Exercise aim: Copy down the listing below exactly. Do not include pictures.

Data listing:
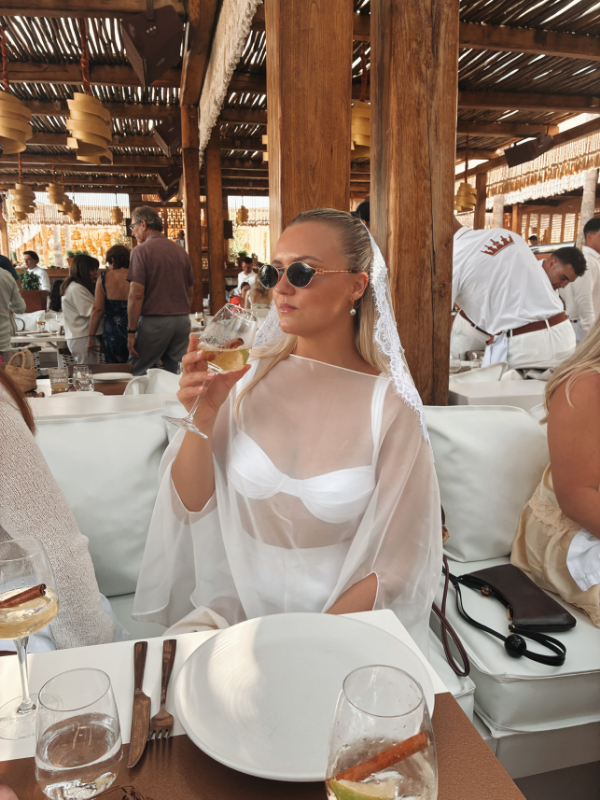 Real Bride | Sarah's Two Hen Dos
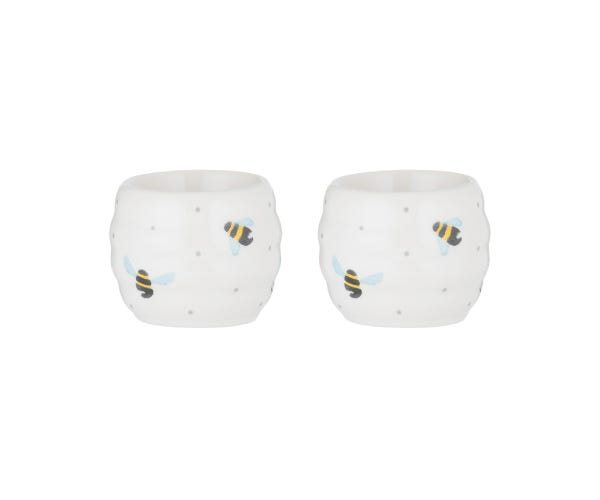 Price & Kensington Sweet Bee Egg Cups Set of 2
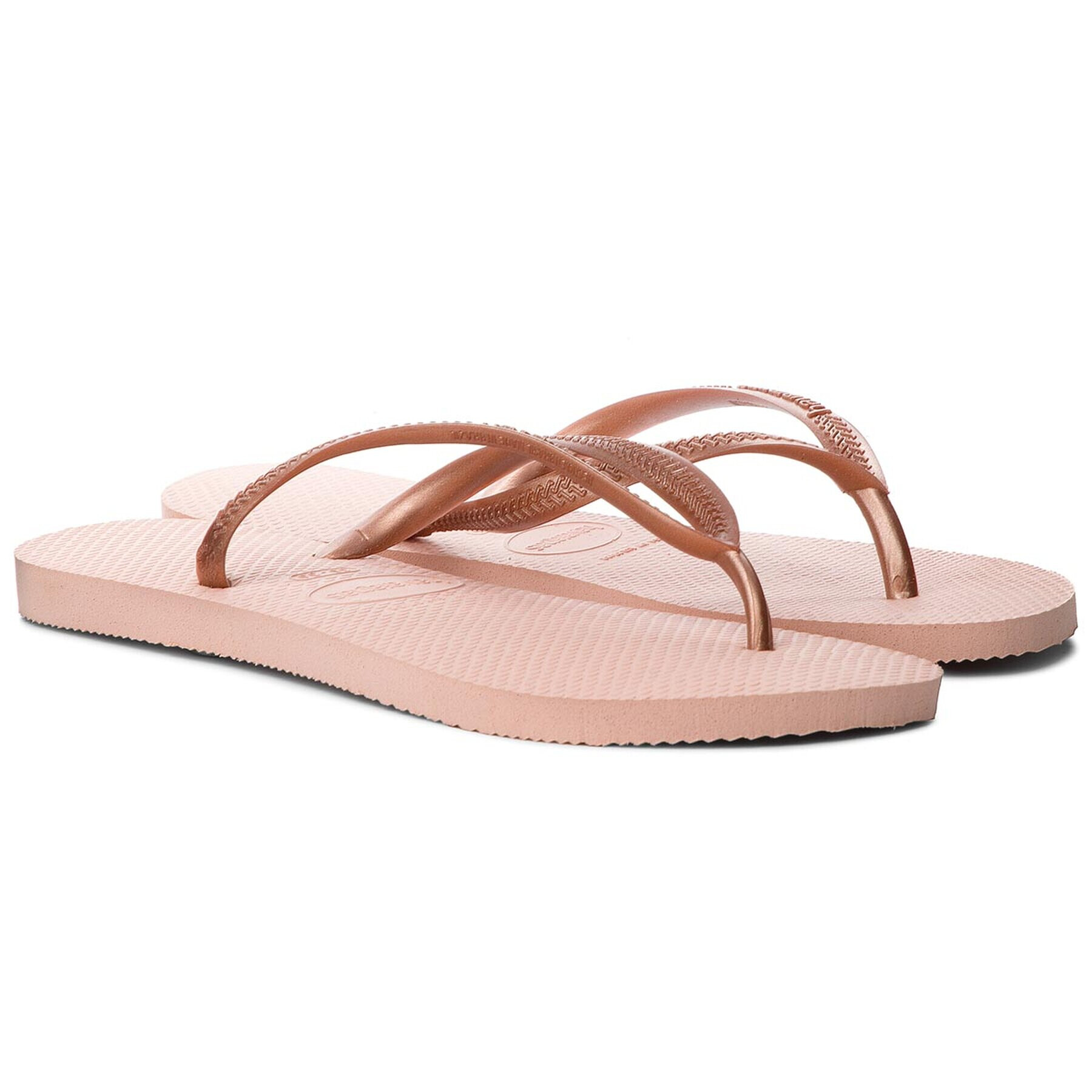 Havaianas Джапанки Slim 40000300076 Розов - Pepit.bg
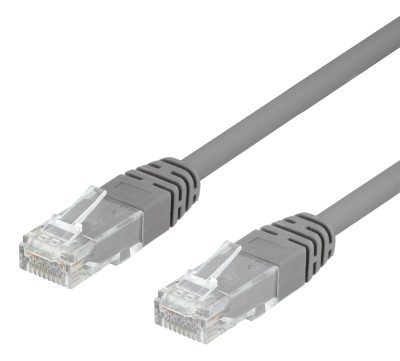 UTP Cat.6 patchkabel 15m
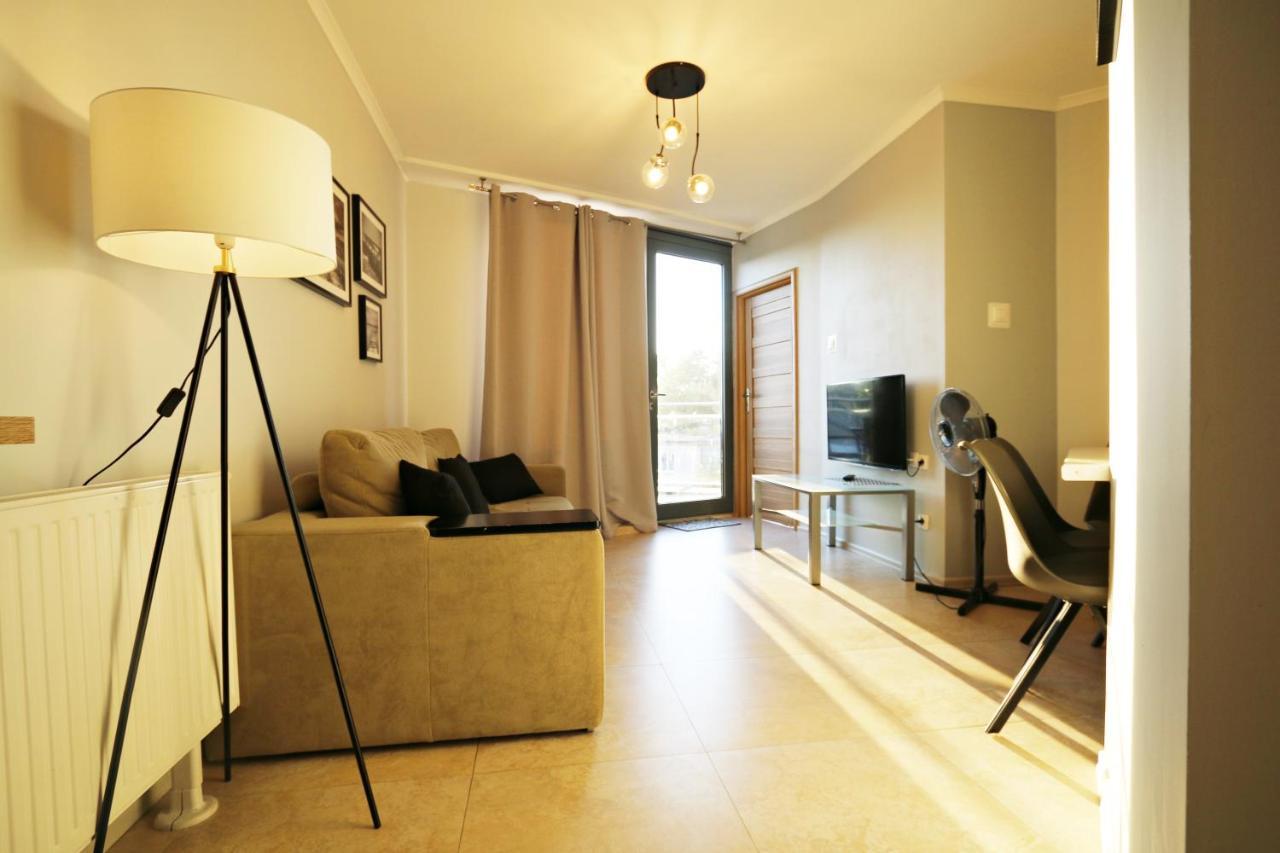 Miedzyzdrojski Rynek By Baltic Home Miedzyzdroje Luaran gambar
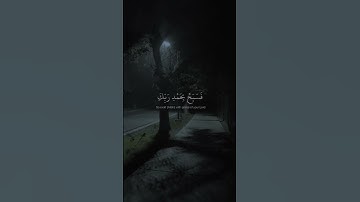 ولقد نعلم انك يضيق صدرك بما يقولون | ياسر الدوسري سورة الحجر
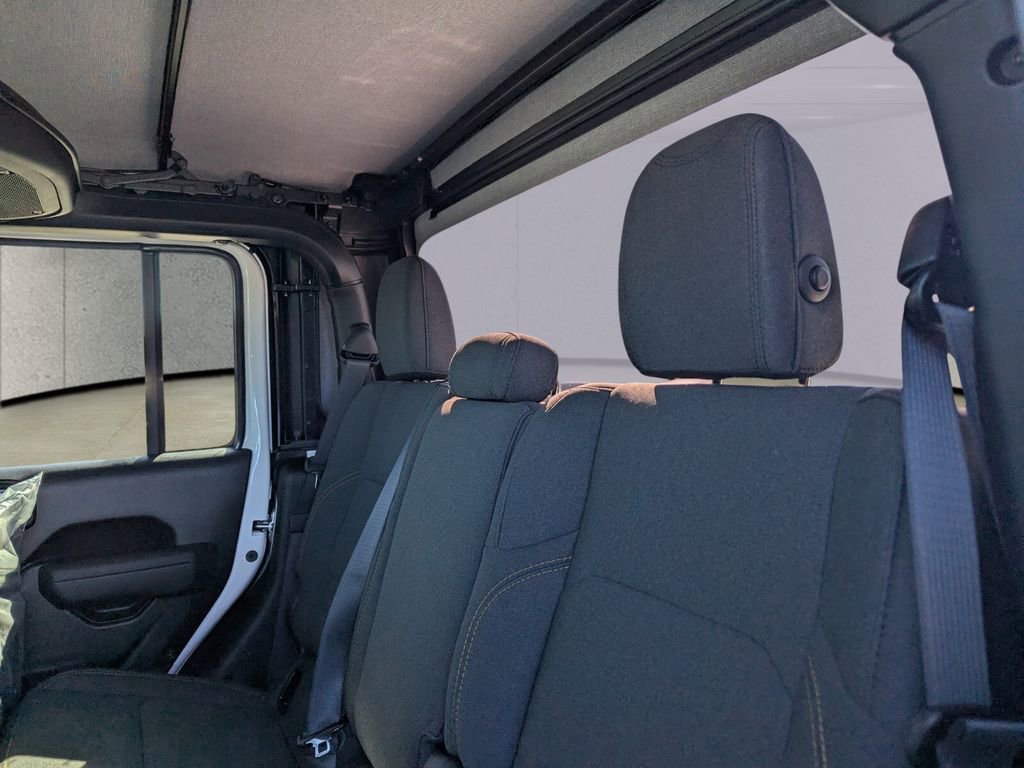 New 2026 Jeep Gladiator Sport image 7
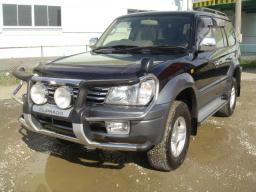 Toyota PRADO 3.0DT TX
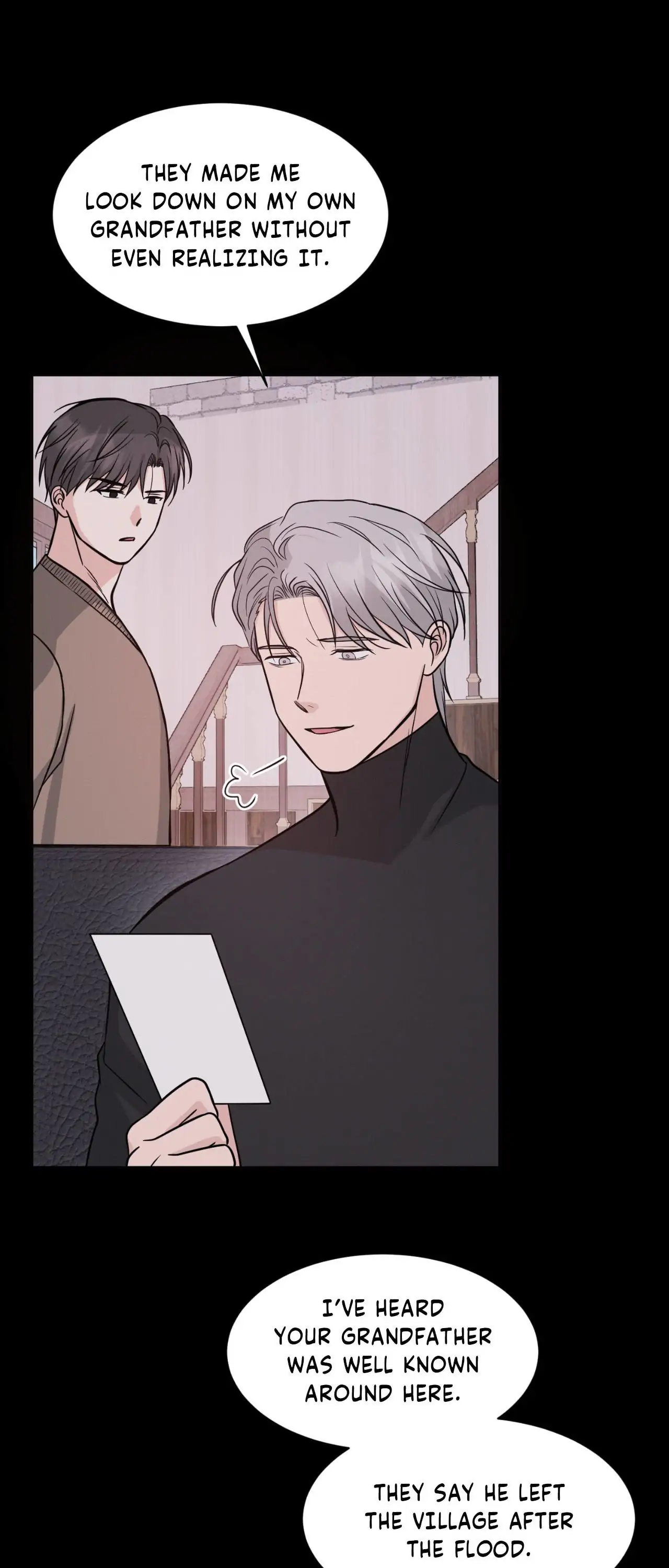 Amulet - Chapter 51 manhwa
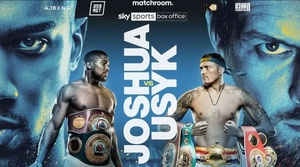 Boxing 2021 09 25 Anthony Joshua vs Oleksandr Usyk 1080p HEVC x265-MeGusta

Task response:
 Real Bride | Sarah's Two Hen Dos
 Price & Kensington Sweet Bee Egg Cups Set of 2
 Havaianas Джапанки Slim 40000300076 Розов - Pepit.bg
 UTP Cat.6 patchkabel 15m
 Miedzyzdrojski Rynek By Baltic Home Miedzyzdroje Luaran gambar
 ولقد نعلم انك يضيق صدرك بما يقولون | ياسر الدوسري سورة الحجر
 New 2026 Jeep Gladiator Sport image 7
 Toyota PRADO 3.0DT TX
 Amulet - Chapter 51 manhwa
 Boxing 2021 09 25 Anthony Joshua vs Oleksandr Usyk 1080p HEVC x265-MeGusta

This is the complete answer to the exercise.